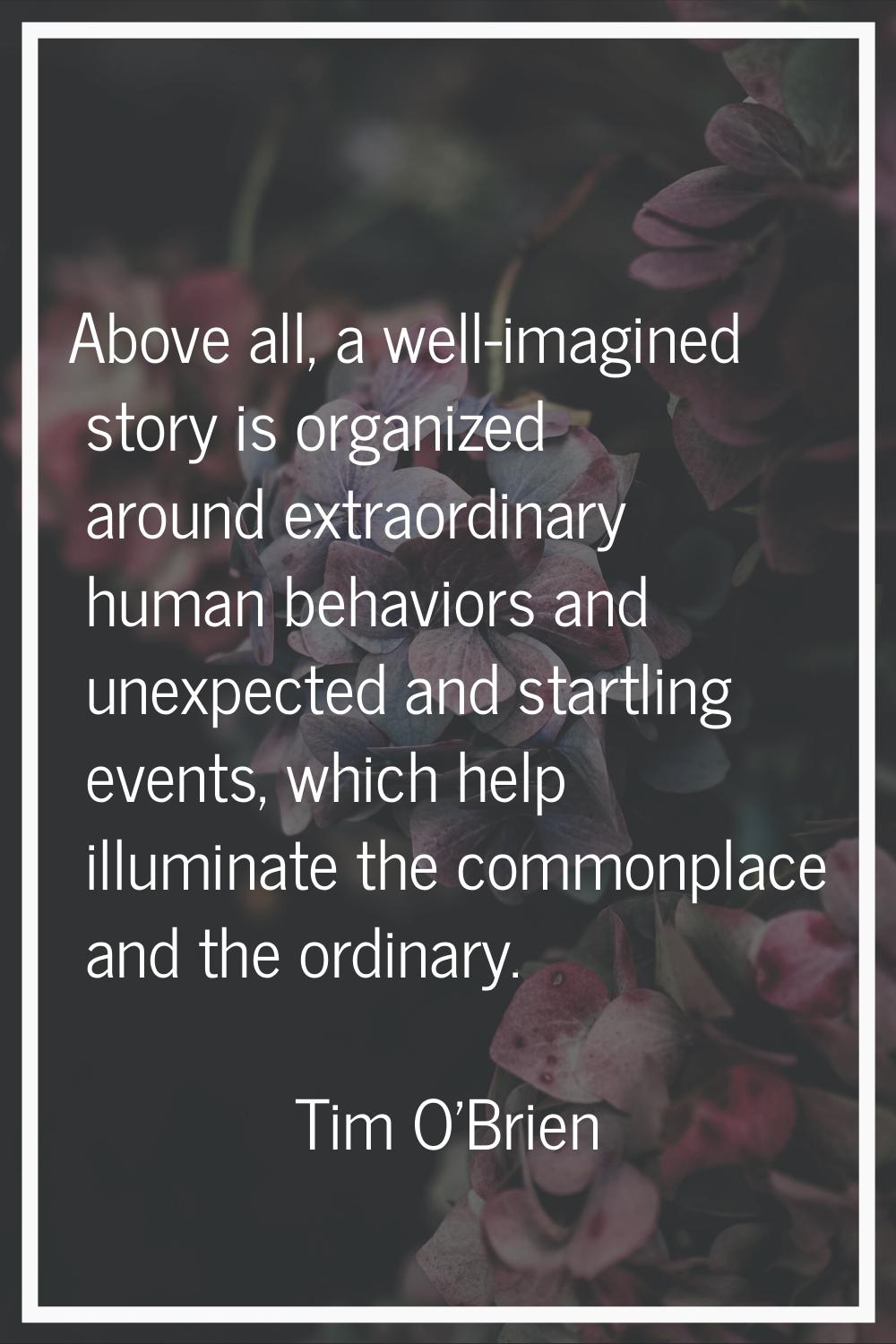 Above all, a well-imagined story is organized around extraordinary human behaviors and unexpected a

===

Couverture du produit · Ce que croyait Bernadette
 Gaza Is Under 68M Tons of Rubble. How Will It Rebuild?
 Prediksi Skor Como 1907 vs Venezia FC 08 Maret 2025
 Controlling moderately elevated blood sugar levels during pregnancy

===

- _TO DO_: For this exercise, output exactly the lines above from the line with "Couverture du produit" to the line with "Controlling moderately elevated", counting both, and leave out the rest.

- _RESULT OF THIS TASK_:
Couverture du produit · Ce que croyait Bernadette
 Gaza Is Under 68M Tons of Rubble. How Will It Rebuild?
 Prediksi Skor Como 1907 vs Venezia FC 08 Maret 2025
 Controlling moderately elevated blood sugar levels during pregnancy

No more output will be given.